The care of Plymouth Rock was turned over to the Commonwealth of Massachusetts and the surrounding land was taken by eminent domain in a massive undertaking to recreate the Plymouth waterfront. The plan called for buildings and piers to be removed, the Billings Canopy demolished, the shoreline filled and reshaped, and Plymouth Rock lowered “as to permit approach to the rock by water, as was the case when the landing was made by the Pilgrims in 1620.” [Atwood]

According to the local paper, after the Billings canopy was removed, it was “dumped in two parts of the town, the stones more or less chipped in the process” and ended up “simply so much refuse stone,” to be re-used piecemeal in new construction if “it may be made to meet the requirements of modern days.”  It was probably fortunate that the architect was dead by this time.  [“Another Memorial Dedicated,” Old Colony Memorial, Vol. 100, No. 48 (December 2, 1921), p. 1.]

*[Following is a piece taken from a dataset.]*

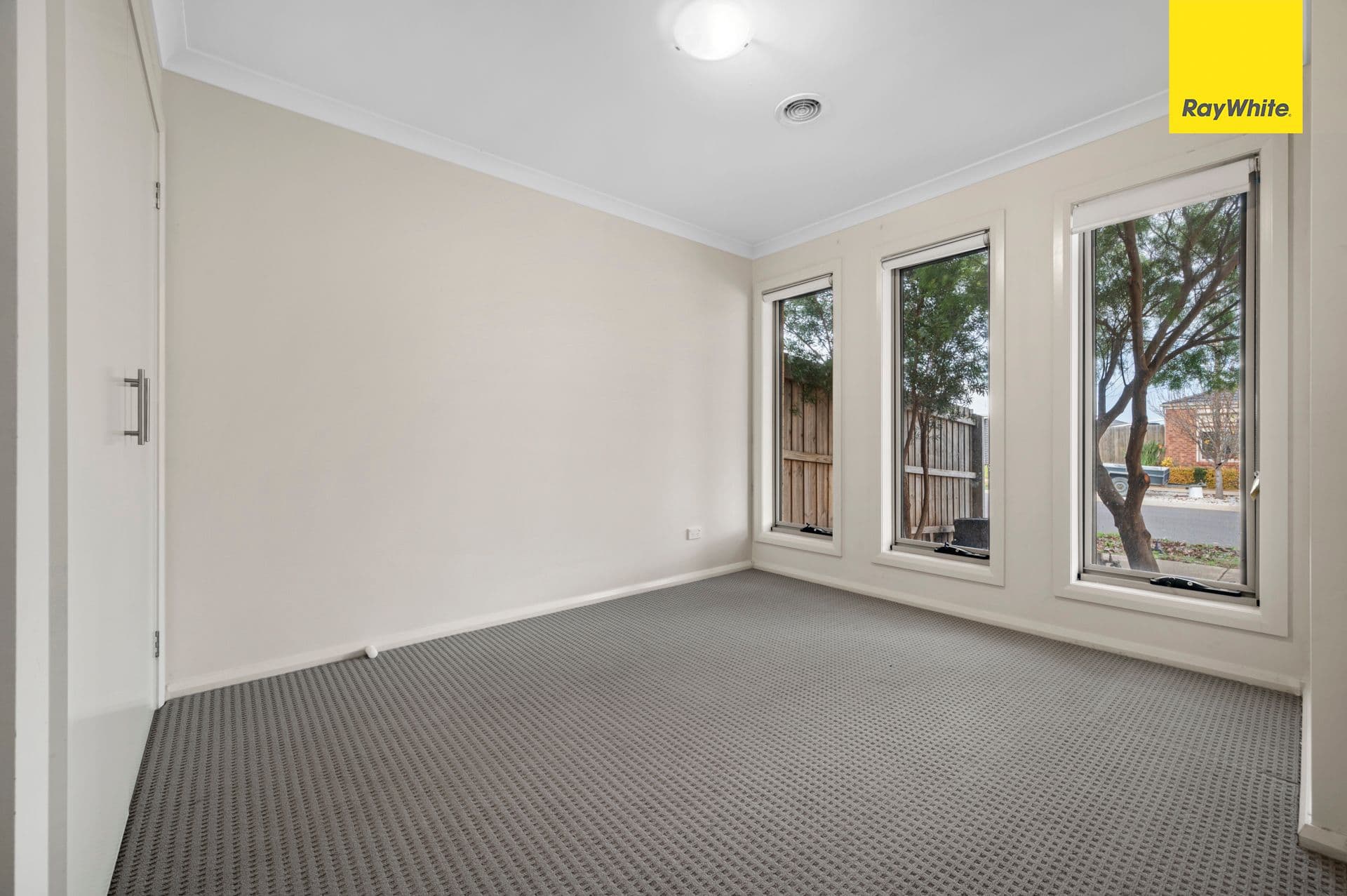 15 Norwood Avenue, WEIR VIEWS VIC 3338, Weir Views - Thumbnail 6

On December 20, 1920, Plymouth Rock was excavated and temporarily relocated while the old wharves were destroyed and the shoreline rebuilt in preparation for its new location.

An account of the moving of Plymouth Rock described how the top portion was raised by steam crane, swung a few feet over and laid down “on some of the rubbish left from the leveling of the [Billings] canopy.” The old cracked seam on the top portion opened up and had to be cemented again.

“Beneath this top piece was found a number of granite ‘pinners’ with some cement which had served in 1880 to bring the stone to a level and under these was the rest of the rock, which people previous to 1880 will remember showed through a small space in the flooring of the canopy, and to tread on it, one had to step down a few inches. Probably less than seventy-five people watched the removal.”

– Frederick W. Bittinger, The Story of the Pilgrim Tercentenary Celebration (Plymouth MA, 1923), 24.

The Rock was housed in a brick building on Water Street, and then dragged on rollers, using tackle, to the shoreline site. A heavy granite foundation was placed under the Rock in its adjusted shoreline location because of its sandy soil.

A new neoclassical portico to house the Rock, designed by McKim, Mead and White and donated by the National Society of the Colonial Dames of America, was constructed of New Hampshire granite and dedicated on November 29, 1921.